Engineering Economic Analysis, Third Canadian Edition. D. Newnan, J. Whittaker, T. Eschenbach, J. Lavelle. Oxford University Press.

Please indicate any formula used. Thanks.

Question

A company is considering replacing an existing machine (defender) with newer machine (challenger). If repaired, the defender can be used for another 5 years. After that, it cannot be used and must be replaced regardless of economic value. The current market value of the defender is $7,500 (i.e., it can be sold now for $7,500). The defender will have a salvage value after 5 years of $500. If kept, the defender will require an immediate $1,500 overhaul.

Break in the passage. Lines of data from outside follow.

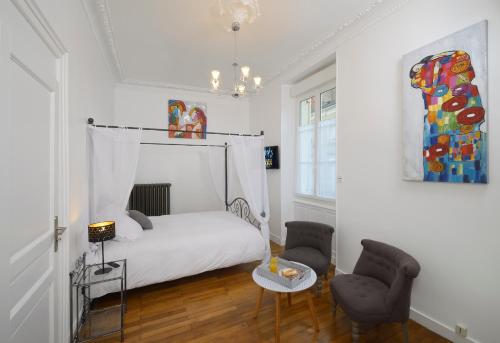 ein weißes Schlafzimmer mit einem Bett und 2 Stühlen in der Unterkunft Hyper Centre Rue Valdemaine in Angers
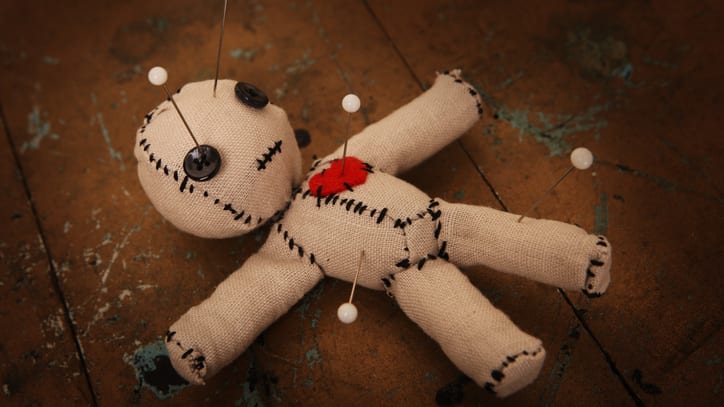 A stuffed doll with pins on it.
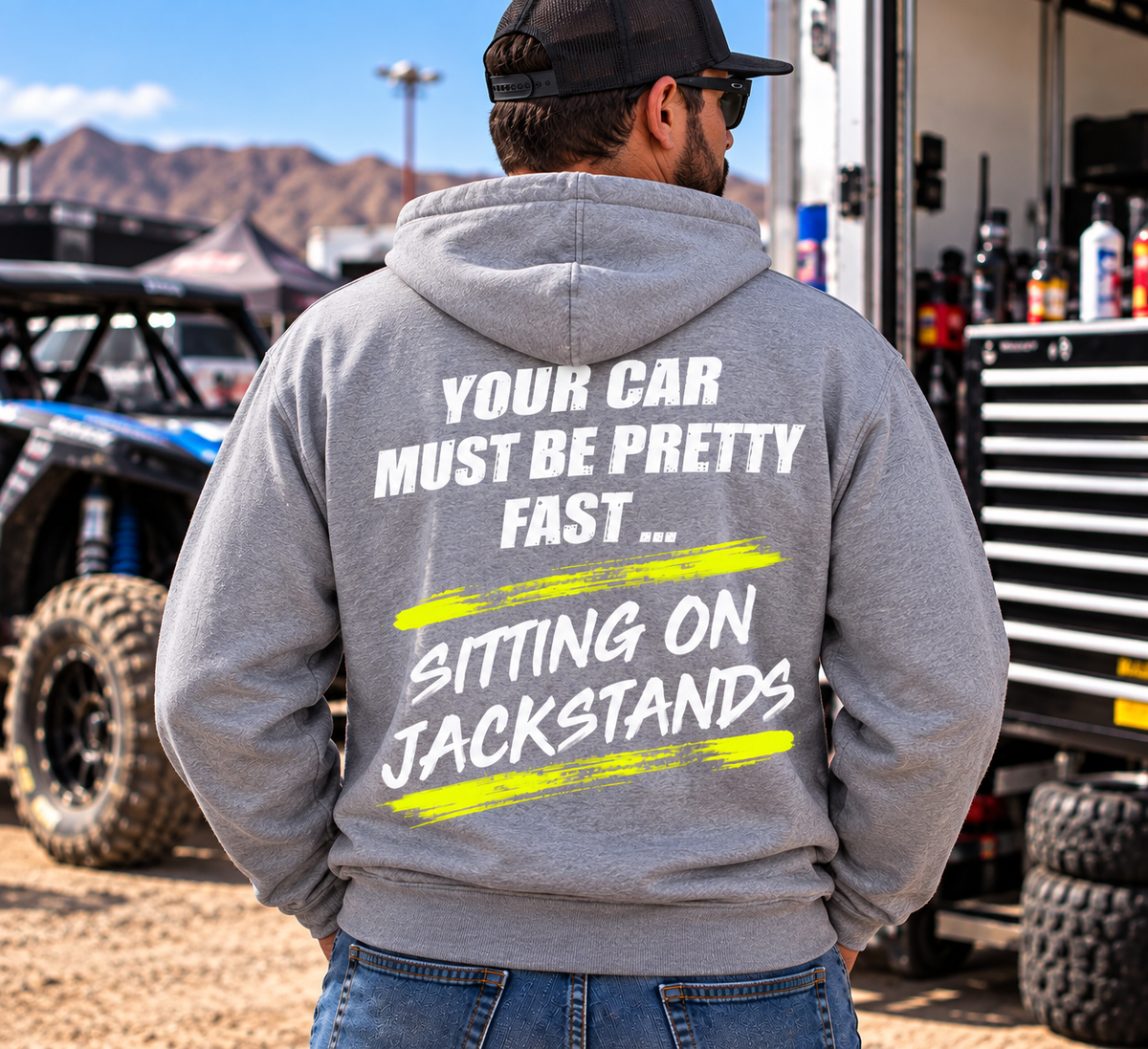 Man wearing a sport grey Car Chix Your Car Must Be Pretty Fast Sitting on Jackstands hoodie featuring white distressed text and neon yellow brushstroke graphics at an off-road motorsports event.
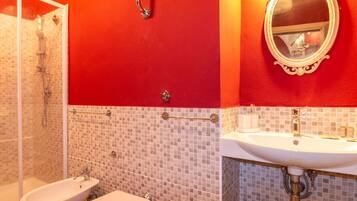 Une salle de bain équipée d’une douche, d’un bidet et d’un lavabo, avec des carreaux de mosaïque et un mur d’accent rouge.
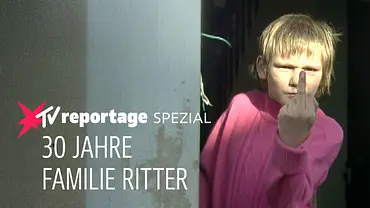 Ein Kind steht in einem Hauseingang und zeigt eine provokante Geste in Richtung Kamera. Im Bild eingeblendet ist der Schriftzug „stern TV Reportage Spezial – 30 Jahre Familie Ritter“. - Foto: RTL (DE) Ein Kind steht in einem Hauseingang und zeigt eine provokante Geste in Richtung Kamera. Im Bild eingeblendet ist der Schriftzug „stern TV Reportage Spezial – 30 Jahre Familie Ritter“. - Foto: RTL (DE)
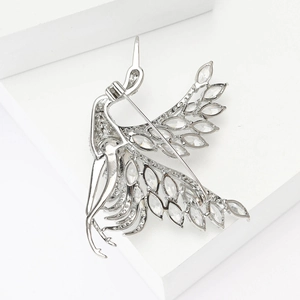 Macro shot of silver crane brooch with marquise-cut crystals on white geometric block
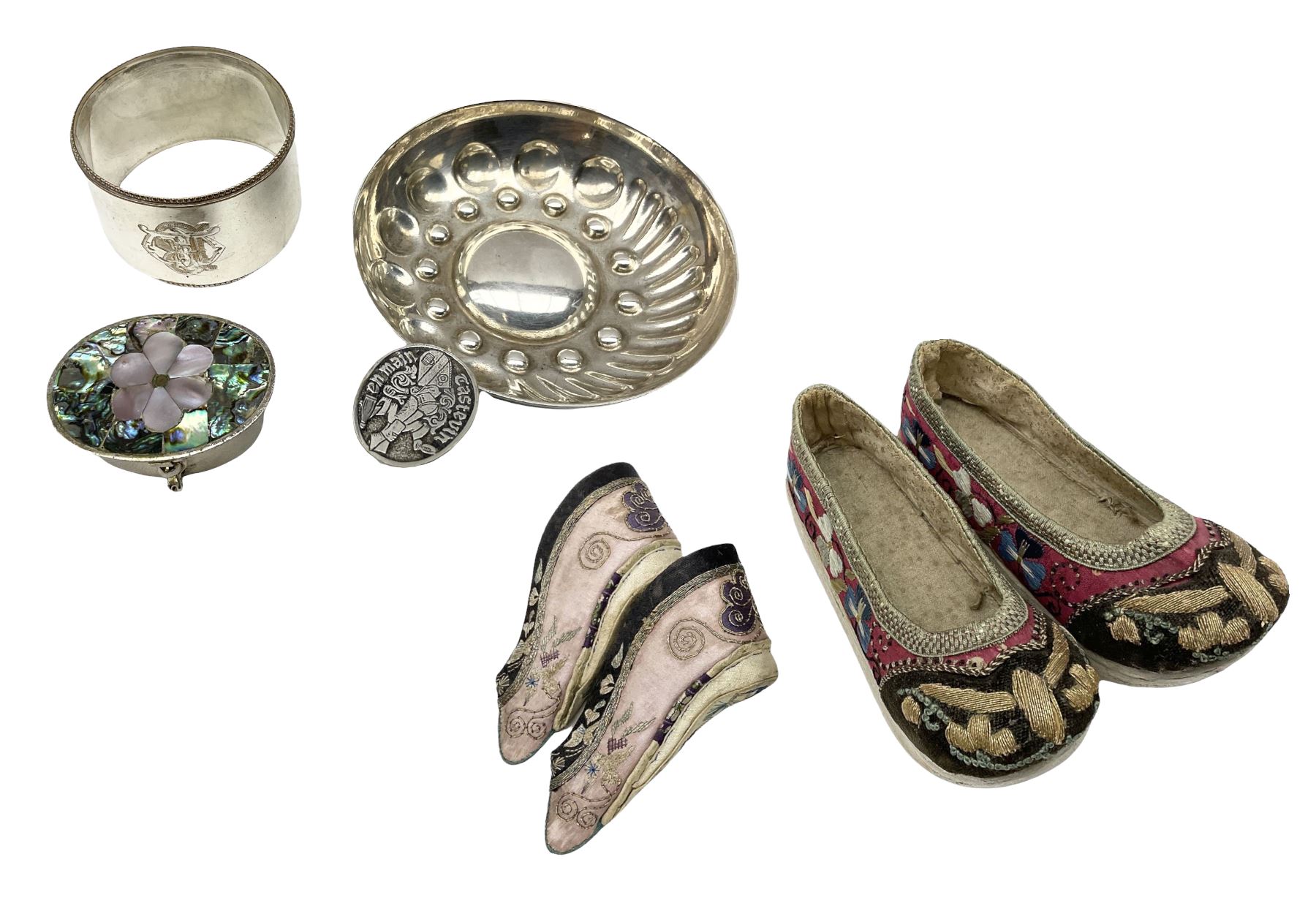 French silver plated wine taster of typical form, stamped, together with a silver plated napkin ring, and an 'Alpaca Silver' pill box with mother of pearl detailed cover, (3) together with Two pairs of late 19th/early 20th century Chinese Lotus shoes for binding feet, the first with purple silk heavily embroidered with ornate floral motifs, L10cm the second larger fuschia and black pair with thicker sole embroidered with flowers, L14cm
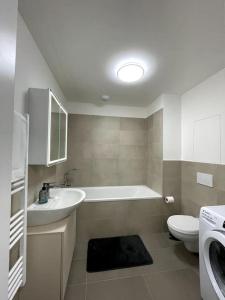 布拉迪斯拉发SkyNest B204的带浴缸、盥洗盆和卫生间的浴室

The characteristics of the Defender are presented in the following table:

Year

Operating Cost

Maintenance Cost

Market Value

0

-

$1,500

$7,500

1

$2,000

$200

$4,800

2

$2,700

$300

$3,200

3

$3,800

$500

$2,000

4

$5,000

$1,000

$1,200

5

$6,500

$2,000

$500

The new machine (Challenger) has a service life of 7 years. It will cost $16,000 to purchase now. Its annual operation and maintenance cost combined is $1,600 per year in the first year. This annual operation and maintenance cost will increase by 42% per year for subsequent years. The market value of the challenger will decline by 22% every year over its service life. Use MARR equals 12%.

a] Find the economic lives of: [i] the defender and [ii] the challenger. b] Determine when the defender should be replaced.

Clearly show your calculations steps.